-- WHAT IS BEING ASKED --
Go through the material and return every line that contains the string "holding".

-- GIVEN DATA --
Content starts

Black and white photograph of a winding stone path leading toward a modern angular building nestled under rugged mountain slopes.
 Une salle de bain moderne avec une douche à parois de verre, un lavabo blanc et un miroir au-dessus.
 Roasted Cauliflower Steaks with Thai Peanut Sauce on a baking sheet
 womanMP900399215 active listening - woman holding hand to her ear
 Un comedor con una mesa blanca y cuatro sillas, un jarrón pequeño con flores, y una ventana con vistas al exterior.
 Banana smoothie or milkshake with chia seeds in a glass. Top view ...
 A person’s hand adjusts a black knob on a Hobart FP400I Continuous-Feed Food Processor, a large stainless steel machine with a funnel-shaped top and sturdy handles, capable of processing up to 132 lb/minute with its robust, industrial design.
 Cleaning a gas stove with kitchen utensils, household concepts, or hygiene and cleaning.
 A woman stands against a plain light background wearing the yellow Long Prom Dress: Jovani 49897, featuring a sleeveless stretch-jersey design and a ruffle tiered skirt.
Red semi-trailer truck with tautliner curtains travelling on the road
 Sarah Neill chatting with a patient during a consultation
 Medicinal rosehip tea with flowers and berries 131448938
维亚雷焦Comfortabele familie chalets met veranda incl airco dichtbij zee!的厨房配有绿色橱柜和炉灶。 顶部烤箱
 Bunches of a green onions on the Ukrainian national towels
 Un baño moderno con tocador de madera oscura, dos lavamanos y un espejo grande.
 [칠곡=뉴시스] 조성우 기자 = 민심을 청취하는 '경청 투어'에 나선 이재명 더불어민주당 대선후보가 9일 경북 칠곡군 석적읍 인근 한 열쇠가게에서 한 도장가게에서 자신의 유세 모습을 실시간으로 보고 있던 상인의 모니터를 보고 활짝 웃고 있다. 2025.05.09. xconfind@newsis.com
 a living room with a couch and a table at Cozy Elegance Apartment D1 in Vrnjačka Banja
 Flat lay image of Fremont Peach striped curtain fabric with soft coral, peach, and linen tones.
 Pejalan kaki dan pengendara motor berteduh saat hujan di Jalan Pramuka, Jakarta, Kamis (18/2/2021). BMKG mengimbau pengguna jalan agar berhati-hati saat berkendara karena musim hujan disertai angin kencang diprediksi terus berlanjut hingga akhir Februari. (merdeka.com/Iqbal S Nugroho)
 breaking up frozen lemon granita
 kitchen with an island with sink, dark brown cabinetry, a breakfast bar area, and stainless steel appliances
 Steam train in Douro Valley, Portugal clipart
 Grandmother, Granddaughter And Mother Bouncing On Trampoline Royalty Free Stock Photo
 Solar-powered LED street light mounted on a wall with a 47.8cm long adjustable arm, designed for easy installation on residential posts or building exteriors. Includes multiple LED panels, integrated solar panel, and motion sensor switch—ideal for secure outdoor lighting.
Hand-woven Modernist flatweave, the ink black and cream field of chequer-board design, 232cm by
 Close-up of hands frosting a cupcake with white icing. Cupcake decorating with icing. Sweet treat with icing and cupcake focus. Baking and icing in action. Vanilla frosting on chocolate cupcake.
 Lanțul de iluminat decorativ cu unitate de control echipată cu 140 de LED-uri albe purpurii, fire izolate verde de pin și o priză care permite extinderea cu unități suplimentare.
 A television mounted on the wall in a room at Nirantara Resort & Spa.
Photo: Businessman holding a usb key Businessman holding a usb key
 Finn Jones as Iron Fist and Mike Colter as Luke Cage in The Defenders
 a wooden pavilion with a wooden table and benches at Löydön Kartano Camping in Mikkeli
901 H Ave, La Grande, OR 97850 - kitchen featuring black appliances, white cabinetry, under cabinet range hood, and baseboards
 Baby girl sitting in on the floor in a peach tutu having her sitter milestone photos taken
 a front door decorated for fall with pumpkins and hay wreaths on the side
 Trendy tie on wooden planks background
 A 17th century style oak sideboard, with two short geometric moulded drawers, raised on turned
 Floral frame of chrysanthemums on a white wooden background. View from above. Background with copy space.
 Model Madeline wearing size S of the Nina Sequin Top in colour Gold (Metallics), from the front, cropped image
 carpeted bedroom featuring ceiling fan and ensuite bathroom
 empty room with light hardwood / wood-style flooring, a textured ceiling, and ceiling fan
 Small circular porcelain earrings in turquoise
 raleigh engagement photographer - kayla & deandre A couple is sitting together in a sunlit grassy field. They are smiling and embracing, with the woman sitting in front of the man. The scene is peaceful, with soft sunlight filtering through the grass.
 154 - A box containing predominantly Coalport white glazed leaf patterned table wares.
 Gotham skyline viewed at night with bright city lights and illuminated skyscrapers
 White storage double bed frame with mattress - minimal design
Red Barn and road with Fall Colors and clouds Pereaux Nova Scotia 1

Content ends

-- SOLUTION FOR THIS EXERCISE --
 womanMP900399215 active listening - woman holding hand to her ear
Photo: Businessman holding a usb key Businessman holding a usb key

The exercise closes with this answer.